## TASK TO COMPLETE
Without copying any picture, transcribe exactly the lines of the data below from the one containing "Vista delle montagne" through the one containing "Volkswagen Touran 2.0".
Start of RECORD EXCERPTS
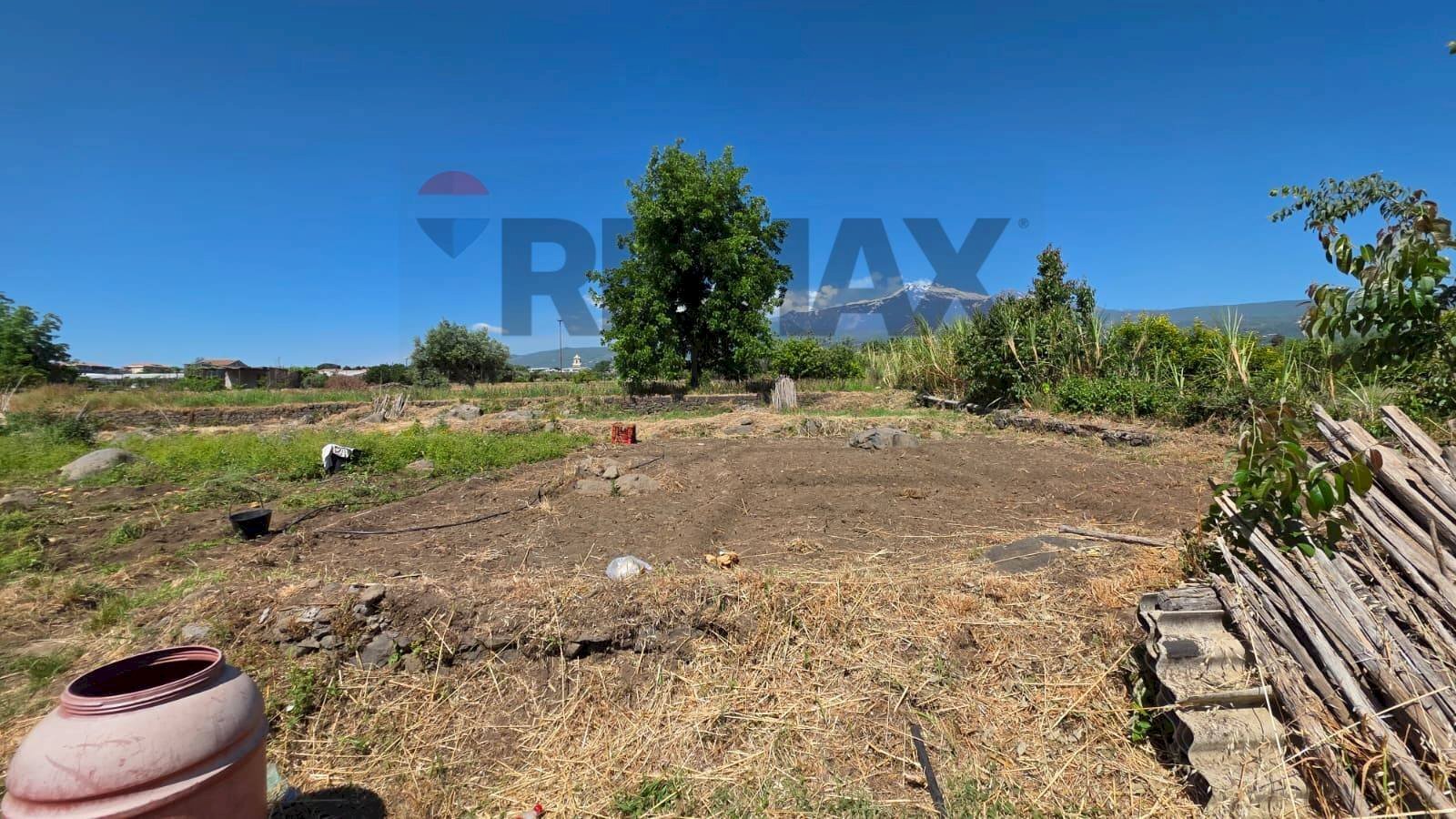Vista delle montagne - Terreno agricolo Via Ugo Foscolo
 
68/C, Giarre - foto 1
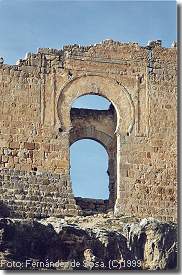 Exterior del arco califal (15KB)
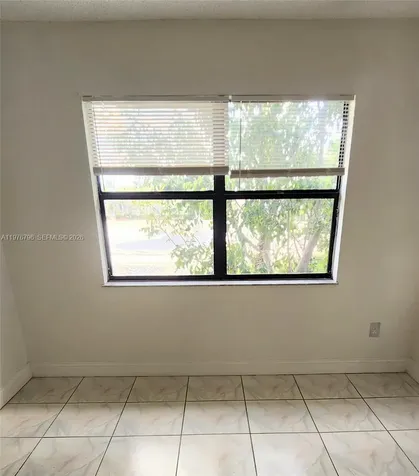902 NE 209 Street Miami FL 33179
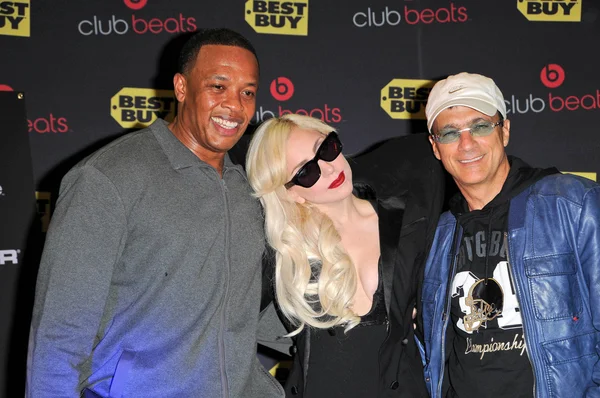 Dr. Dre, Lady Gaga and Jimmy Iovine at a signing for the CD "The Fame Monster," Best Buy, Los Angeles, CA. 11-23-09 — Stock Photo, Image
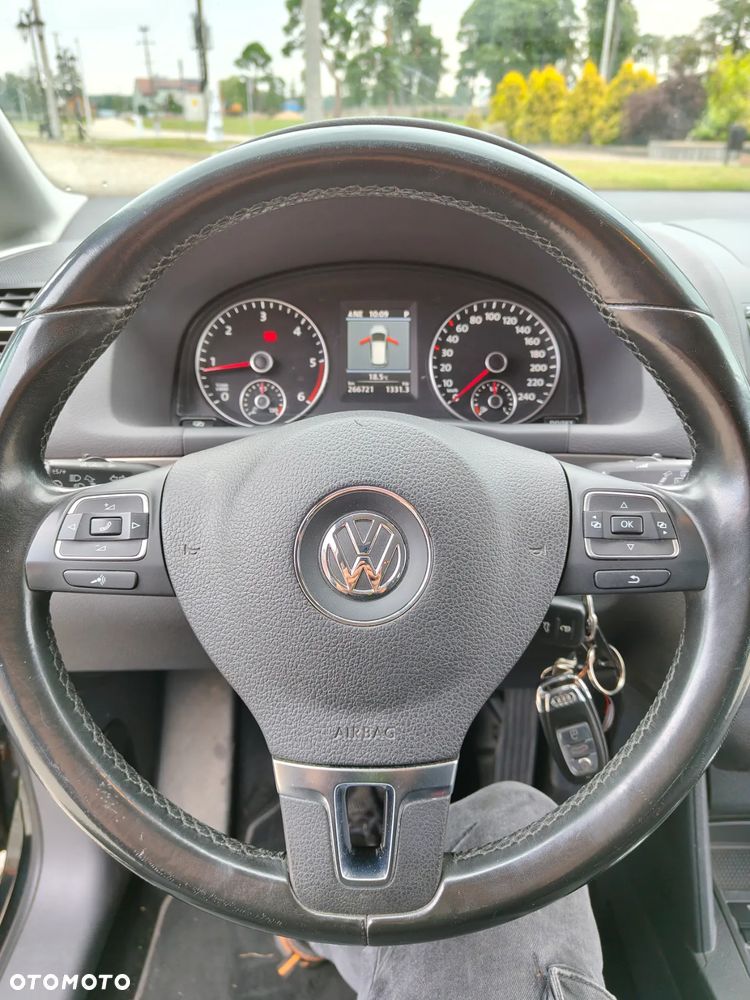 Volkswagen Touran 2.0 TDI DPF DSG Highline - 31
End of RECORD EXCERPTS
Start of RECORD EXCERPTS
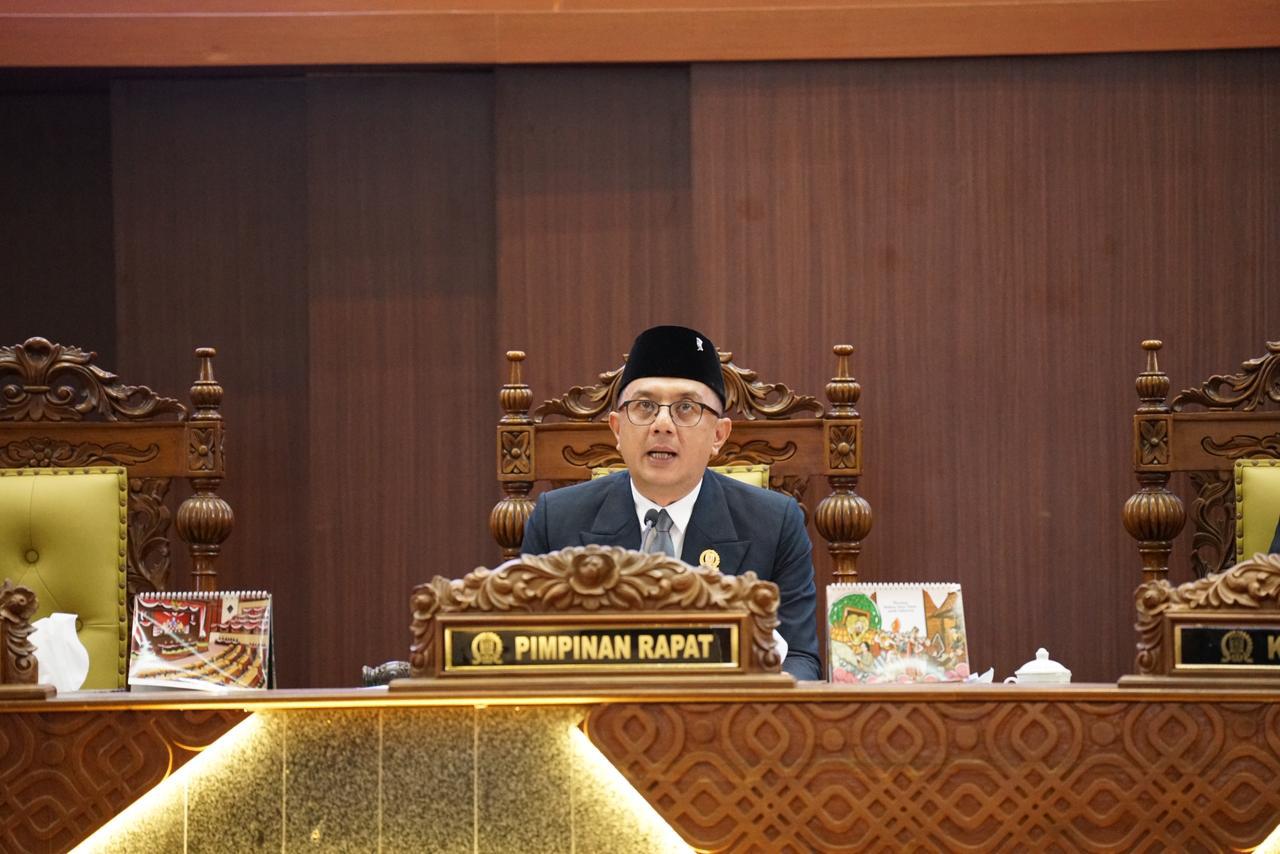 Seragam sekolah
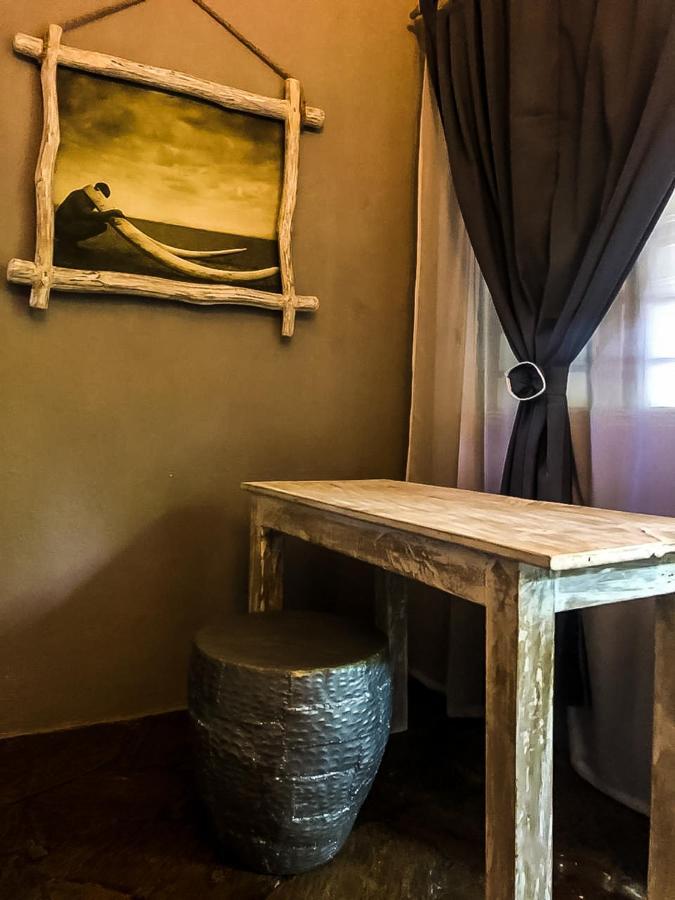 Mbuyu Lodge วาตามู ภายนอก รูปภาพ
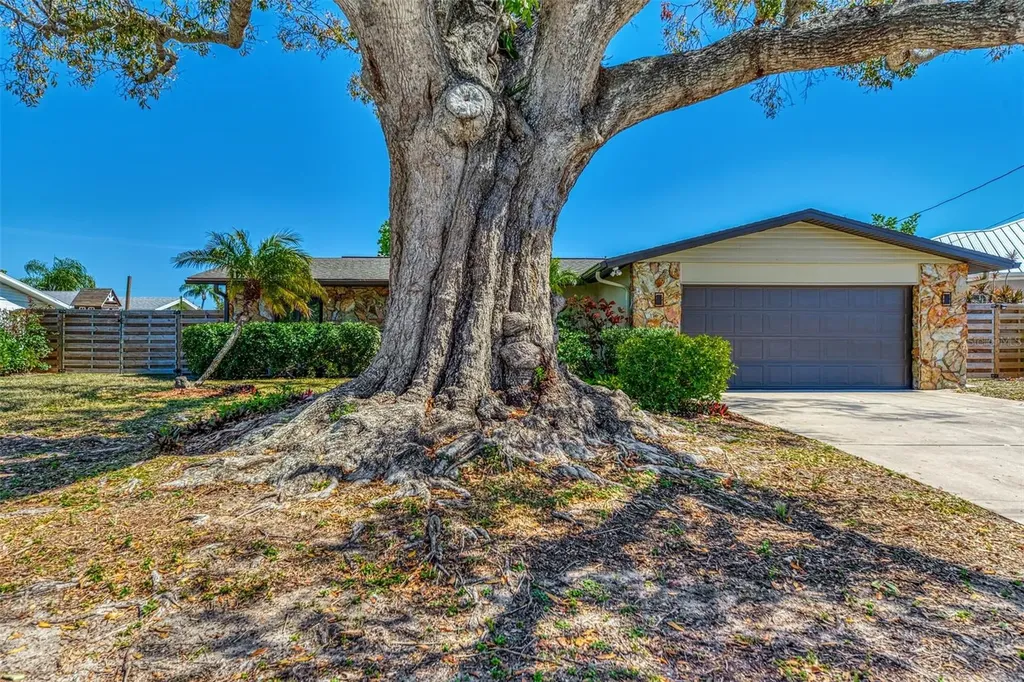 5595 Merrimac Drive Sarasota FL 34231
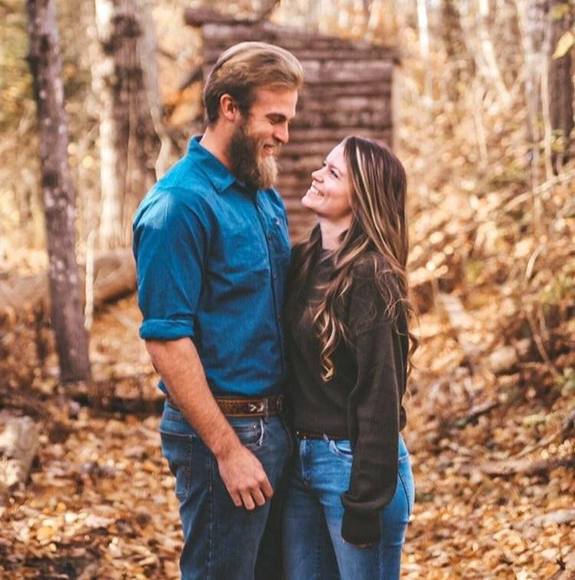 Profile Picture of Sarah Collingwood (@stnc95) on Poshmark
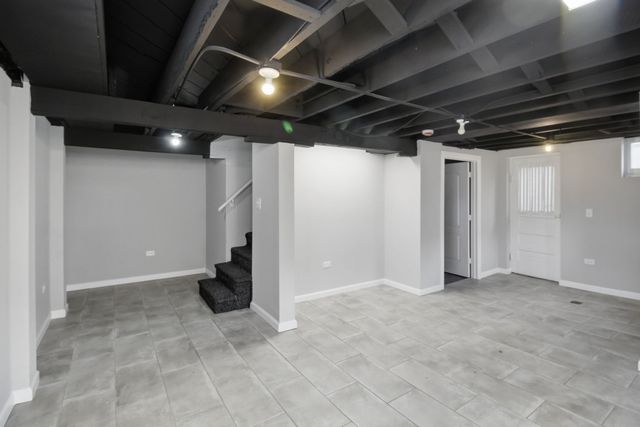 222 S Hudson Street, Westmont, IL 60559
End of RECORD EXCERPTS
## RESULT FOR THIS EXERCISE
Vista delle montagne - Terreno agricolo Via Ugo Foscolo
 
68/C, Giarre - foto 1
 Exterior del arco califal (15KB)
902 NE 209 Street Miami FL 33179
 Dr. Dre, Lady Gaga and Jimmy Iovine at a signing for the CD "The Fame Monster," Best Buy, Los Angeles, CA. 11-23-09 — Stock Photo, Image
 Volkswagen Touran 2.0 TDI DPF DSG Highline - 31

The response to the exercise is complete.